Coming back we stopped at the foot of a hill on which stands the shell-wrecked monastery of San Grado di Merna, a white ruin gaunt against the darker background of the Nad Logem. Here a new Battery position was being prepared for us, only three hundred yards behind the Austrian front line, but admirably protected by the configuration of the ground from enemy fire. An Italian drilling machine was at work here, operated by compressed air, drilling holes in the rock for the insertion of dynamite charges, and, by means of gradual blasting, gun pits and cartridge recesses and dug-outs were being created in the stubborn rock. Here a heavy thunderstorm broke and we sheltered in the Headquarters of an Italian Field Artillery Brigade, likewise blasted out of the mountain side. I returned with Venosta. I asked him to show me the famous Bersagliere trot, and by way of illustration we doubled along the road for about half a mile. On the British Front the spectacle of two officers thus disporting themselves for no apparent reason would have caused much remark and amusement. But the Italians, whom we passed, seemed to see nothing remarkable in our behaviour. They are, perhaps, more tolerant of eccentricity than we are.
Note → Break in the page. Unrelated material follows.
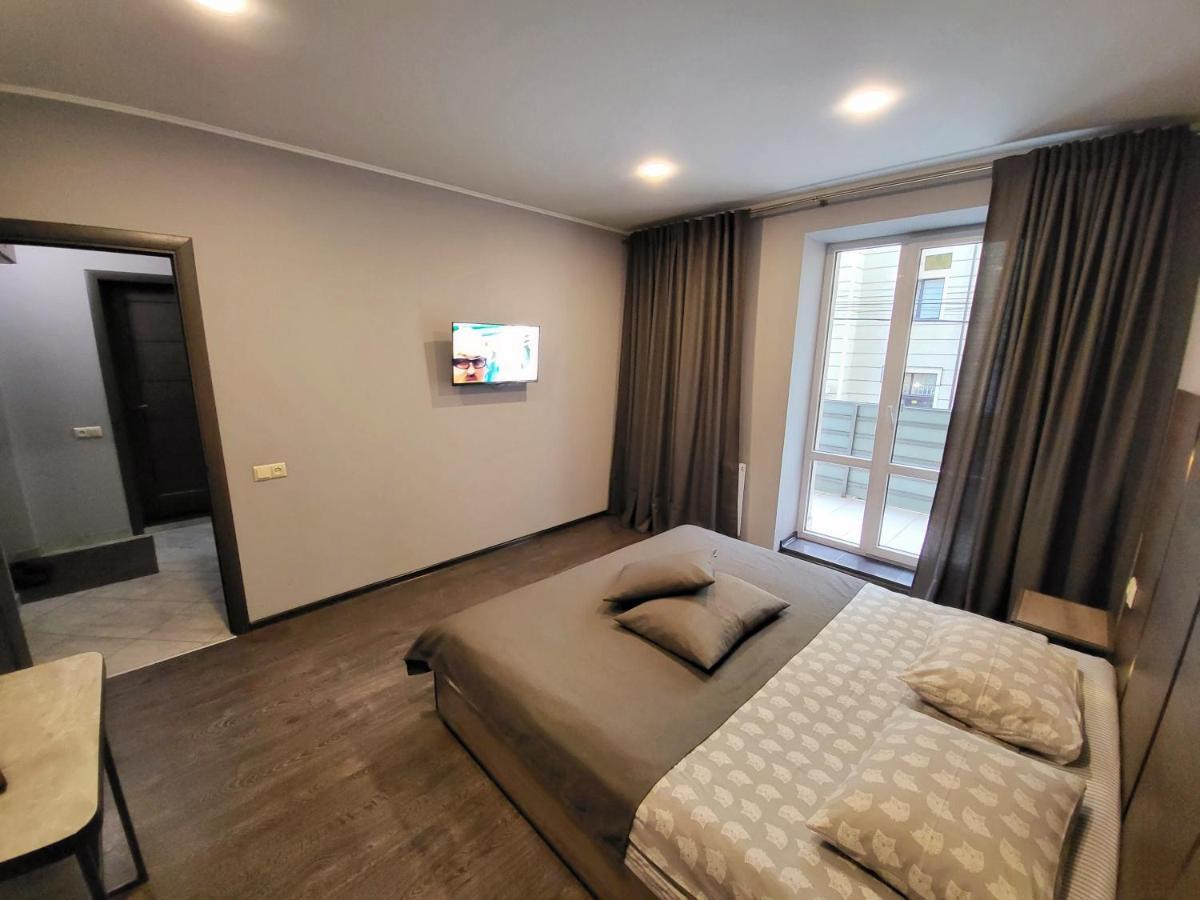 Like Home On Zaliznychna 3 Ivano-Frankivsk Eksteriør bilde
It may be of interest at this point to say a few words about some of the special characteristics of the Italian Army. Every modern Army has adopted a distinctive colour for its war-time uniform, chosen with a view to minimising visibility. Thus we wear khaki, the French horizon-blue, the Germans field-grey. The Italians have adopted an olive colour, commonly spoken of as "grigio-verde," or grey-green.
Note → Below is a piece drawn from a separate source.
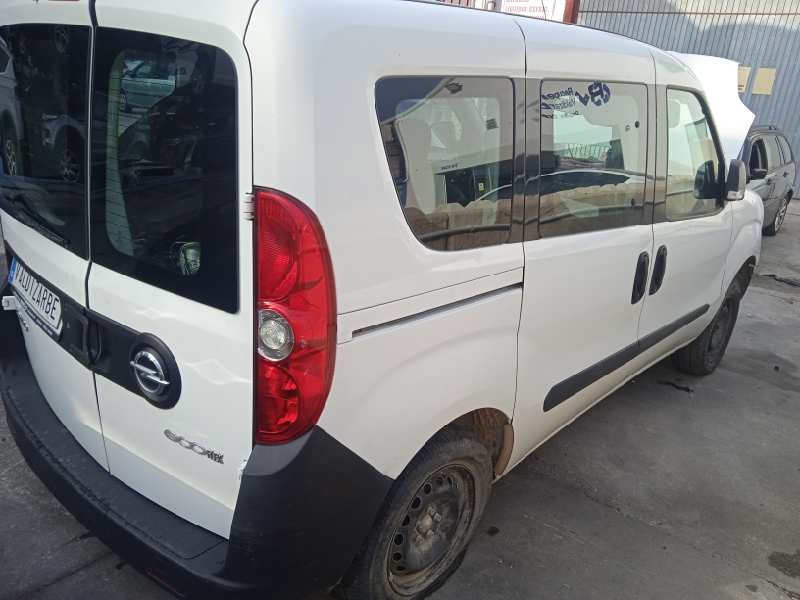 opel combo d del año 2014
The various Italian Corps, Regiments and Brigades wear distinctively coloured collars on their tunics which, except in the case of the Arditi, fit closely round the neck. For example, the Granatieri, or Grenadiers, who both in their high physical standards and military prestige resemble our own Guards Battalions, wear a collar of crimson and white. The colour of the Artillery is black with a yellow border, that of the Engineers black with a red border. Of the Infantry, the Alpini collars are green and the Bersaglieri crimson, the bands of colour being shaped in each case like sharp-pointed flames turning outwards. For this reason the Alpini are often called the "fiamme verdi," or green flames, and the Bersaglieri "fiamme rosse," or red flames. The Infantry Brigades of the line, who bear local names,—the Avellino Brigade, the Como Brigade, the Lecce Brigade and so forth,—have each their distinctively coloured collars.